Before panicking, Kristen Euretig, CFP and founder and CEO of Brooklyn Plans, also instructs panicking clients to take a look back into history to calm their nerves. "The world and markets have been here before, and we will be here again. We always get through it, somehow, some way," she said. "Americans are resilient and ingenuitive - so many new services, apps, and all-around disruption to the finance industry came out of the last downturn. I suspect the same will come to pass with this one."

2. Focus on family

Wealth Hacker Labs founder Jeff Rose, CFP, knows that sometimes, the hardest thing to do is nothing, so he emphasizes the long term for his clients. "Remember your plan on what your goals are. Have those changed? If not, then stay the course and focus on the things you can control. One of the simplest things you can control is how much news you consume. Filter out the noise and negativity and focus on the things that matter most: like family."

Marguerita Cheng, CFP and CEO of Blue Ocean Global Wealth, has a similar message, instructing her clients not to miss the forest for the trees. Yes, it's a scary time, but it's also an opportunity to spend quality time with the very people you're saving for in the long term.

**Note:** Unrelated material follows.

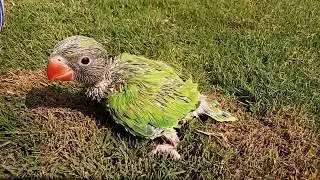 green Parrot chicks natural sound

"For me, I'm reassuring clients and allowing them to appreciate this time for themselves, as well as friends and family," she said. "I encourage them to develop a routine to provide some consistency, which will help them both in and out of the market. Provided your investment allocation is consistent with your time horizon, goals, and objectives, don't switch or ditch - or you won't give your portfolio the chance to recover."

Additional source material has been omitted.